As I read the trends, there are four “core values” that church leaders are emphasizing: a more mainstream, less idiosyncratic image of Jesus; leadership by living prophets; temple worship; and families.
(1) Jesus. Compared to the Jesus of Mormonism forty years ago, the Jesus that church leaders talk about today is much closer to standard Christian ideas. This development is the clearest token of the church’s effort to move toward the Christian mainstream and away from the status of a peculiar, provincial sect. The oddness of nineteenth-century Mormon cosmology is being leached out of our discourse.
(2) Living prophets. The emphasis on living prophets is one possible answer to the question of what distinguishes the church if we move away from the social and doctrinal isolation of our origins. Church leaders have recognized the perhaps surprising fact that emphasizing living prophets does not require us to keep emphasizing the importance of Joseph Smith or the centrality of his revelations.
(3) Temples. This is another possible answer to the problem of distinguishing our church from other Christian churches. It is also a way of tying church members to certain behavioral rules. However, it is a mystery to me exactly what church leaders are planning for temples. Temples are nothing like a replacement for the milieu of a healthy ward; temples and wards provide fundamentally different things, whether socially, doctrinally, or spiritually. Yet the vitality of wards is being gradually depleted while more and more institutional energy is going toward temples.
(4) Families. “Home-centered and church-supported” seems to me a flimsy slogan rather than something substantive. But church leaders seem to be piling weight on that slogan. “Home” is a euphemism for “family,” and “family” means the ideal of the mid-twentieth-century white American middle-class TV sitcom family. All other types of families must adapt to church policies that are tailored to this ideal. “Home” or “family” serves as a hook on which to hang many things: the depletion of resources devoted to wards; the elevation of temples and temple theology; anti-gay, anti-queer, and anti-trans policies; patriarchal, anti-female practices. Whether families will ever serve as a focus of constructive, forward-looking teachings and practices is not clear to me.
This is probably a first attempt at defining what the church will look like. It seems likely that there will be more iterations of “core values” as leaders learn what is or is not working—and as leaders clarify and redefine their objectives. This will be a very long process, lasting many decades and several generations, I think.
Let’s face it: he is not in charge. And hasn’t been for a while. Hence the trans bigotry emanating from the person who is in charge: Oaks. Oaks has always worried about the little factories.
lws329’s recent comment has a lot of truth in it…

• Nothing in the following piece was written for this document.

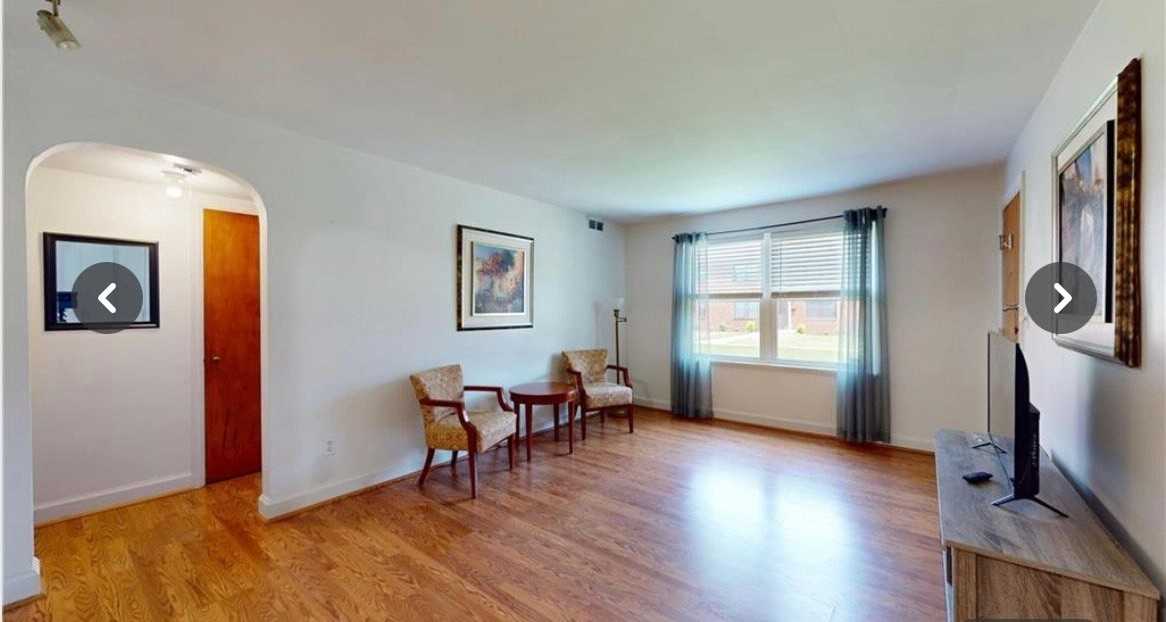 3901 Main St #5D - Photo 2 of 8
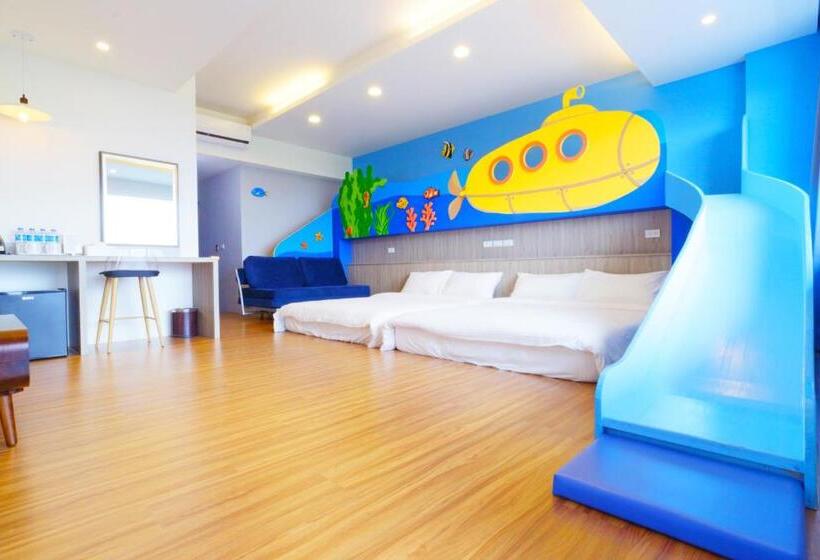 تختخواب و صبحانه Two Home Inn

What a bunch of nonsense these comments are, written by many people who say in they no longer believe in the divinity of the church (why do you care then if its lead by a centenarian? Or anything it does for that matter?) The church has been lead by an elderly man since 1880!!!!! when 71 year old John Taylor took over. Every single president since then except for Heber J. Grant (who was 66) was in his 70’s or older when he become the top dog. Has the church grown or expanded at all since 1880?!

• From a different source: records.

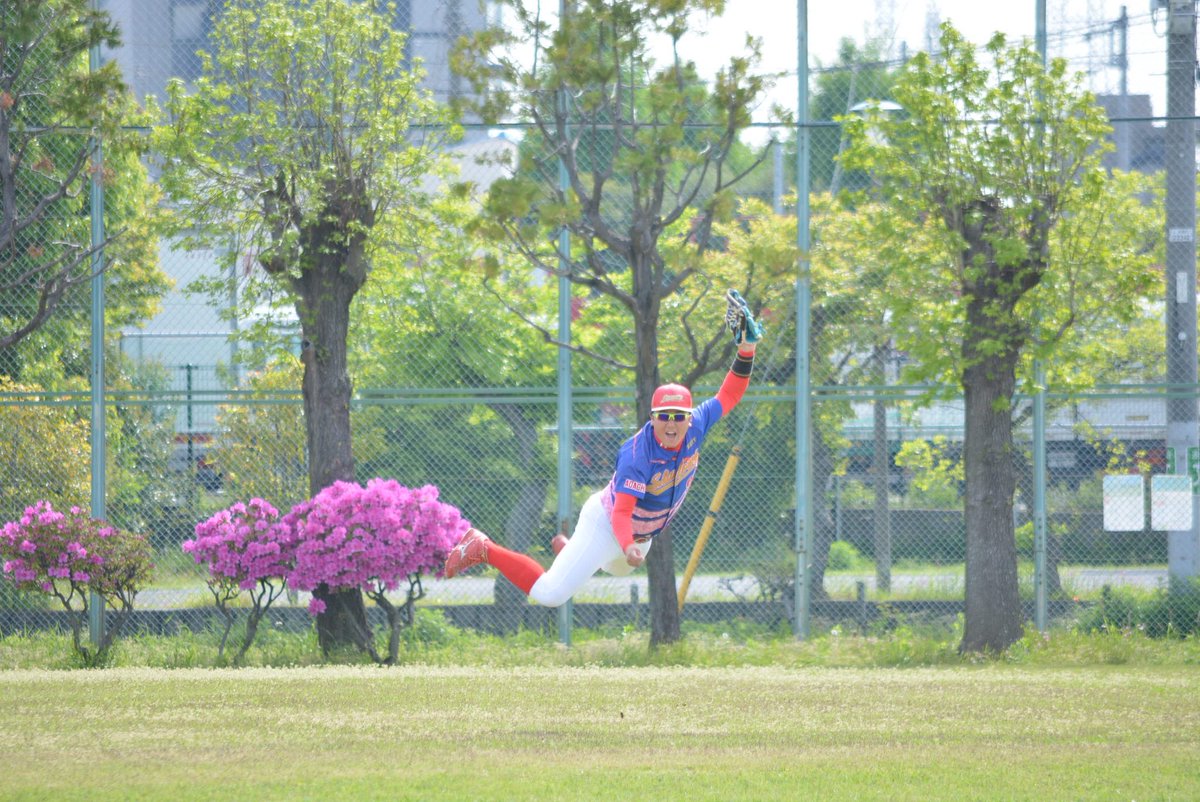 Ashadows1978's tweet photo. 4月20日
足立区民大会　準決勝
0-3  時間により6回打ち切り⚫️ 

足立区民大会　3位決定戦
9-2  4回コールド○

当たり前の事ですが、四死球、エラーが失点(得点)に直結する結果となりました😂

一旦、お疲れ様でした！

5月の東京都民大会、9月の足立区民大会に向けて仕切り直し！ https://t.co/ftqH5Yly89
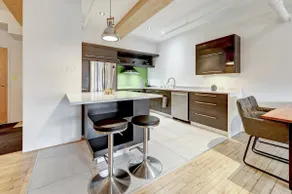 502 in the heart of downtown - Image 3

In my own short lifetime I have seen three Presidents (Hinckley, Monson and Nelson). All of them made huge changes and expansions in the church that, whether you agree with them or not, have seen the Church growing from 9.3M in 1995 to over 17M today.

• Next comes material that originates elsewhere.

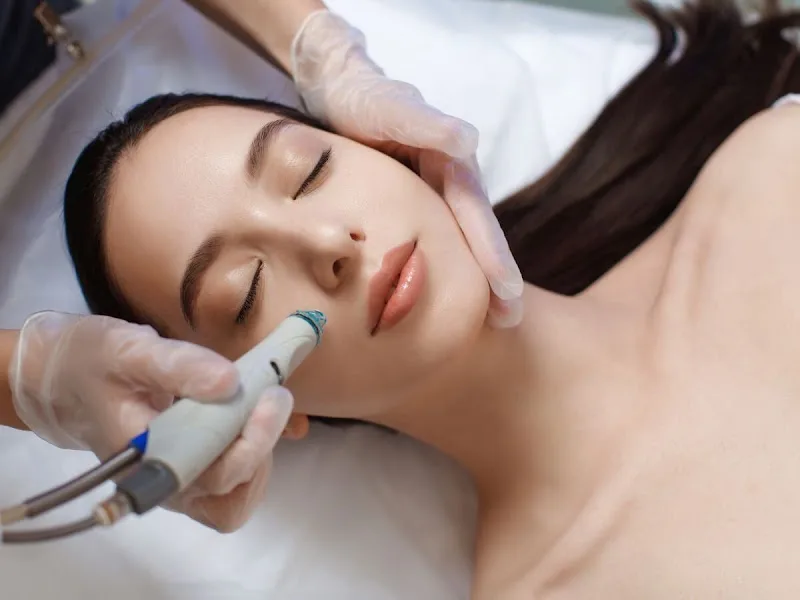 EFB: Épilation au fil - Blanchiment dentaire - Rehaussement cils - Browlift sourcils - Soin profond Hydrafacial visage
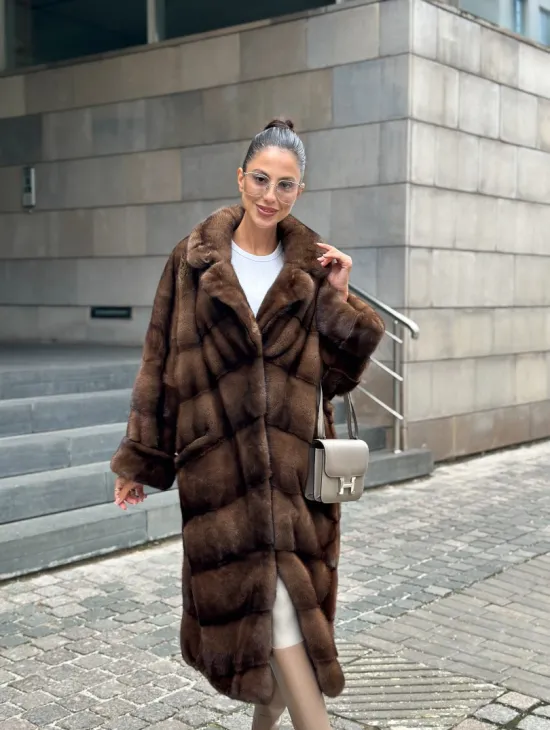 Шуба из меха норки английский воротник - цвет соболь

Yep, we are clearly are lead by a bunch of fuddy duddies who don’t know what they are doing!
The constant whining in blogs about the “gerontocracy” with the supposed remedy of a retirement age of the apostles is a solution in search of a problem. Again what exactly is the problem here?
“Old people are conservative and can’t change!” Umm the last three presidents blew that moronic idea out of the water. President Nelson alone has made fundamental changes in how we worship, both in temples and on Sunday. Most active members have loved and easily accepted all of them. If the leadership of the church was truly so “out of touch” or “behind the times” where is the evidence for that, other than personal ancedotes from the commentators here?
Also religions by nature are CONSERVATIVE institutions! When you claim to teach eternal truths not much “innovation” is needed, we are not a tech company. And I love how these liberal blogs are always silent about the fact that liberal churches who do try to “keep with the times” have had plummeting membership for years, including (especially) the Community of Christ. Turns out hanging a pride flag outside your church door dosen’t lead to a rush of young people and families in (quite the opposite in fact)
There is no good reason why the Church needs to get rid of lifetime tenure for Apostles. You all don’t attack the church because it is weak and declining and retreating, you attack it because it is vibrant, strong and expanding (especially in Africa where I served my mission). There will always be bumps and challenges, but leaders who serve for life, with all the experience and institutional memory that comes with that, has been a plus our whole history.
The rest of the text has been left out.